Frau Susanne Dehmel von der Bitkom e.V. stellte in Ihrem Vortrag „Informationelle Nichtbestimmung –die Sicht der Wirtschaft“ die aktuelle Situation zum Datenschutz und zur Inforationellen Selbstbestimmung dar. Datenschutzerklärungen würden von 80 % der Nutzer nicht wirklich gelesen und somit ohne inhaltliches Verständnis akzeptiert.

Siegel und Zertifizierungen würden zukünftig für die Nutzer ein wichtiges Kriterium zu Vermittlung von Sicherheit und Datenschutz bilden. Hier sieht Frau Susanne Dehmel noch erhebliches Potenzial für die Behörden und die Wirtschaft. Privacy by design rücke in den Mittelpunkt: so müssen bereits bei der Entwicklung von Produkten und Diensten die Datenschutzprinzipien vollständig beachtet und auch umgesetzt werden. Allerdings dürfe der Datenschutz auch keine negativen Auswirkungen auf die Funktionalität von Produkten und Anwendungen bewirken. Hierbei seien auch die teilweise gegenläufigen Verbraucherinteressen angemessen zu berücksichtigen.

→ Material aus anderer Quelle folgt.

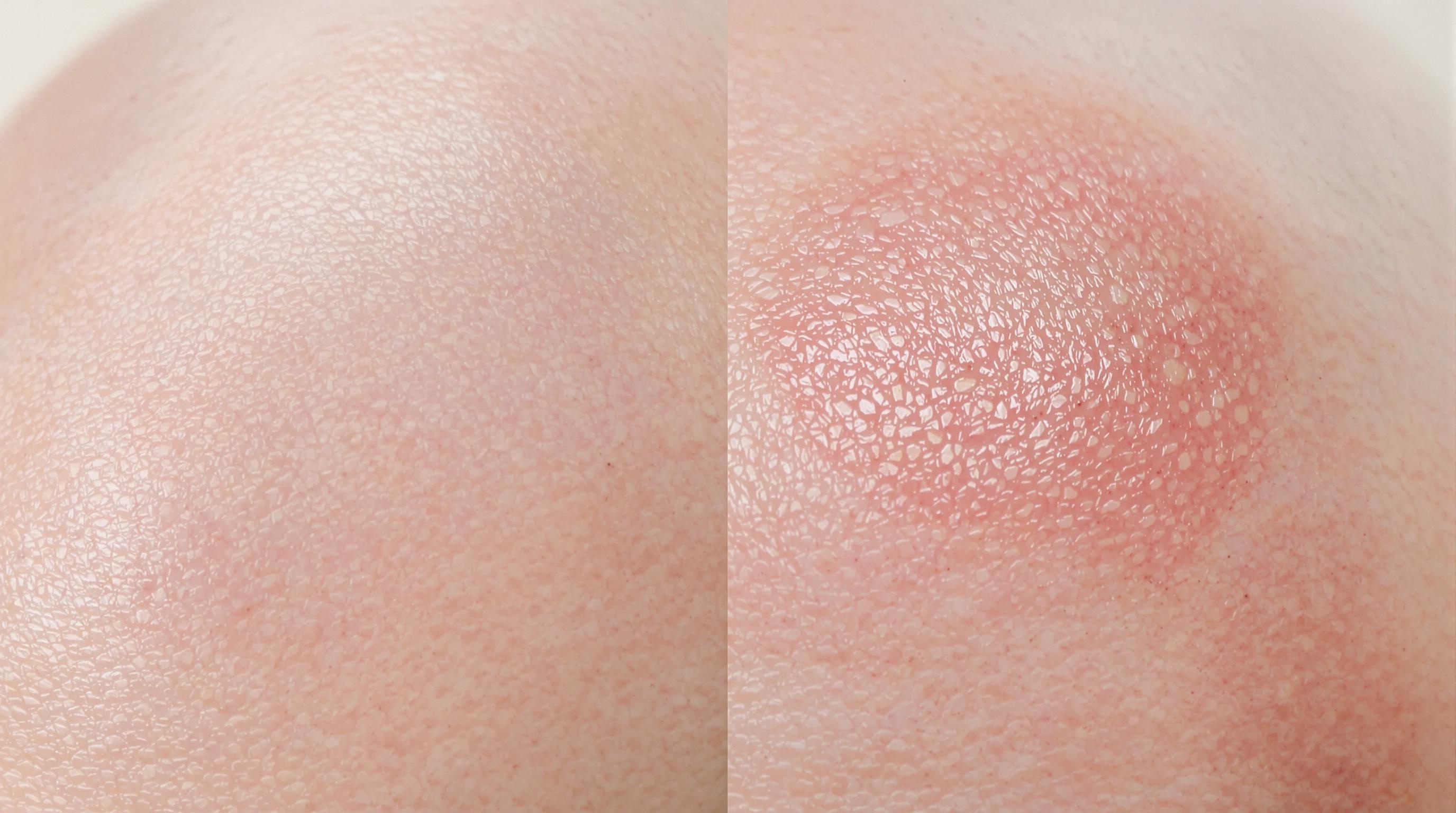Comparatif entre un cuir chevelu sain et irrité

Vorrausschauender Datenschutz

Herr Frank Wagner von der Deutschen Telekom AG beschrieb unter der Überschrift „Privacy by default and beyond“ die Ansätze und Maßnahmen, die in seinem Unternehmen bereits in der Vergangenheit regelmäßig Berücksichtigung fanden, wenn es um die Entwicklung von zukunftsfähiger und datenschutzkonformer Kommunikationstechnologie geht. Er erläuterte, warum der Datenschutz frühzeitig berücksichtigt und in interne Prozesse eingebunden werden müsse. Weiter beschrieb Herr Wagner die vielen Vorteile, die eine frühzeitige Einbindung des Datenschutzes bei der Entwicklung und Implementierung neuer Verfahren haben könne.

Aufsichtsbehörden müssen tätig werden

Herr Paul Nemitz von der EU-Kommission stellte in seinem Vortrag „Die europäischen Lösungsinstrumente für Datenschutz effektiv nutzen“ neben der Vermarktung von Datenschutz als Geschäftsmodel auch die technische Entwicklung und Auslegung der Europäischen Datenschutz-Grundverordnung in den Mittelpunkt. Als Industriestandort Deutschland bräuchten wir Big Data, aber nicht um jeden Preis und unter der Aufgabe der informationellen Selbstbestimmung.

Herr Paul Nemitz bezog klare Positionen zur zukünftigen Rolle der Aufsichtsbehörden. Diese bräuchten eine Kulturänderung, denn nach der DS-GVO müssten die Aufsichtsbehörden tätig werden und Ihrer Kontroll- und Überwachungsaufgabe gerecht werden. Im Zweifel seien sie gerichtlich zum Handeln zu zwingen.

Podiumsdiskussion

Bei der an die Vorträge anknüpfenden und von der stellvertretenden Landesbeauftragten für Datenschutz Schleswig-Holstein Frau Barbara Körffer moderierten Podiumsdiskussion wurden von den Vortragenden die zu erwartenden Maßnahmen der Datenschutzaufsichtsbehörden und der Wirtschaftsunternehmen diskutiert.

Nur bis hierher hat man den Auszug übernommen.